- [Task to complete]: Look below for the line containing "Hélice de DNA" and the line containing "Imagem de Conjunto", then set down both and every line between them exactly, without pictures.

[Records from a data source]
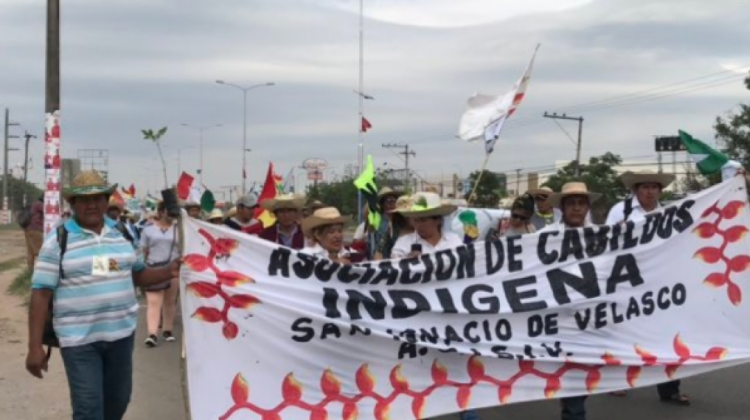 La Marcha ingresa a la ciudad de santa Cruz Foto: Ríos de Pie.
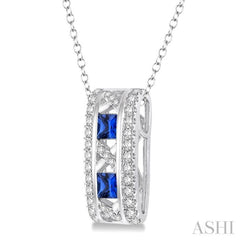 Princess Shape Gemstone & Diamond Pendant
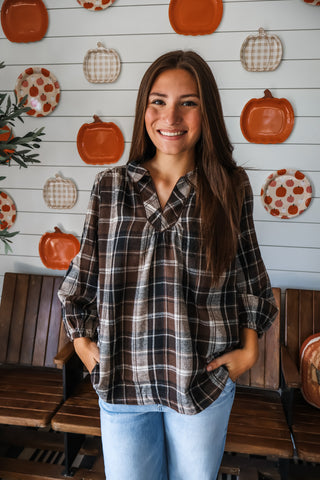 Farmhouse Frills Plaid • Brown Mix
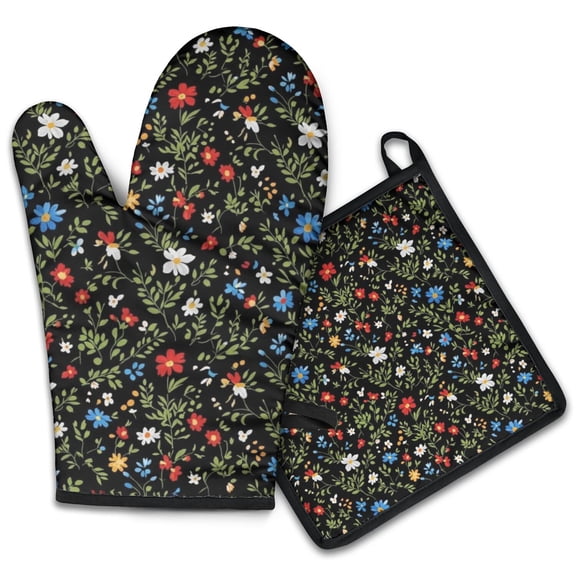 Pioneer Flower Floral Print Pattern 2-Pack Oven Mitts Set, Heat Resistant Kitchen Gloves, 7.7" X 12"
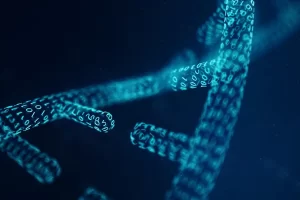 Hélice de DNA formada por código binário azul brilhante em um fundo escuro.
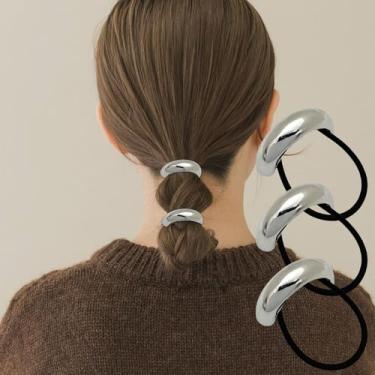 Imagem de Conjunto de 3 suportes de rabo de cavalo, gravata de cabelo prateada para mulheres, acessórios elegantes de metal durável para estilo diário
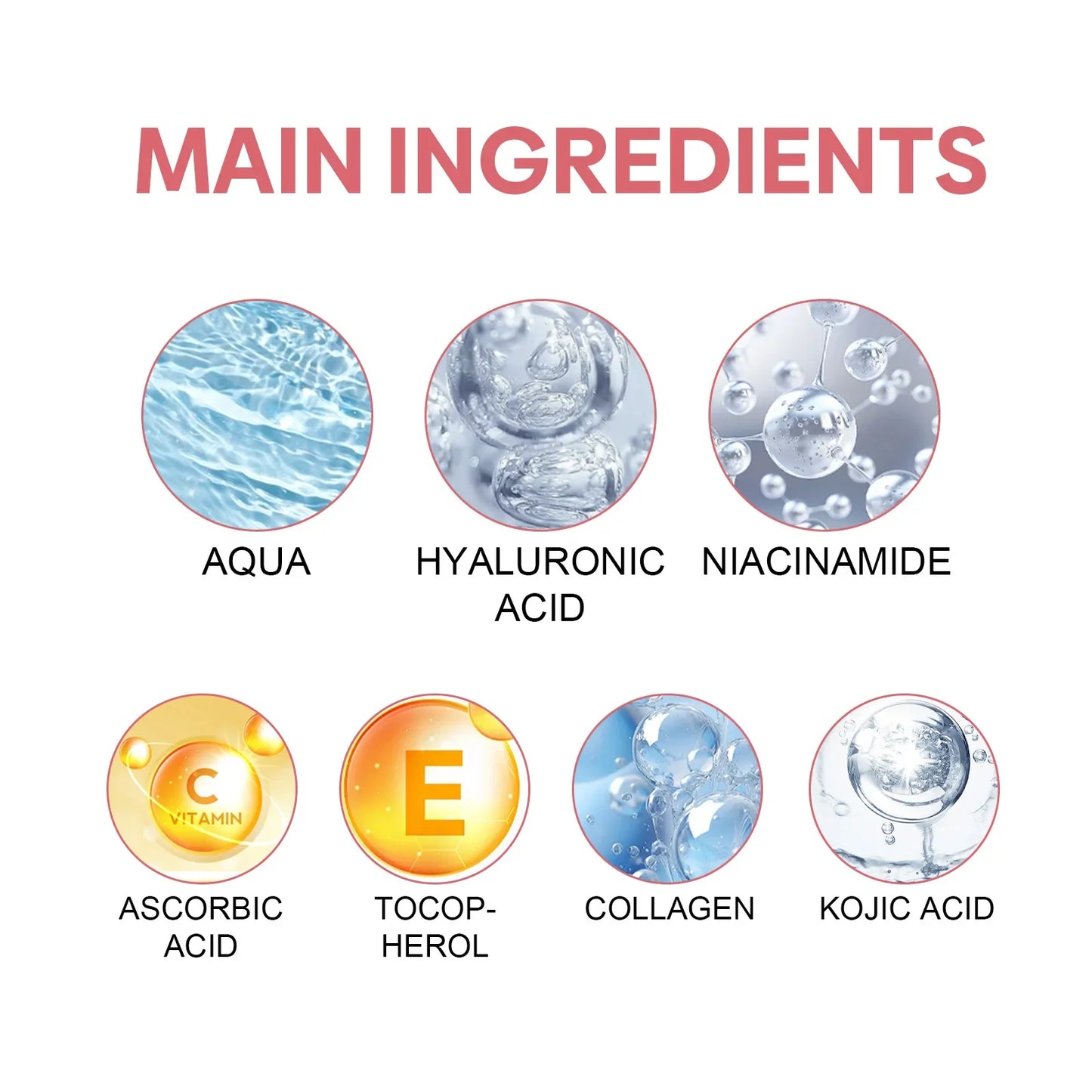5 In1 Hyaluronic Acid Facial Serum Moisturizing Brightening Lightening Fine Lines Vitamin C Pore Shrinking Serum Skincare 30ml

- [Reply]:
 Hélice de DNA formada por código binário azul brilhante em um fundo escuro.
 Imagem de Conjunto de 3 suportes de rabo de cavalo, gravata de cabelo prateada para mulheres, acessórios elegantes de metal durável para estilo diário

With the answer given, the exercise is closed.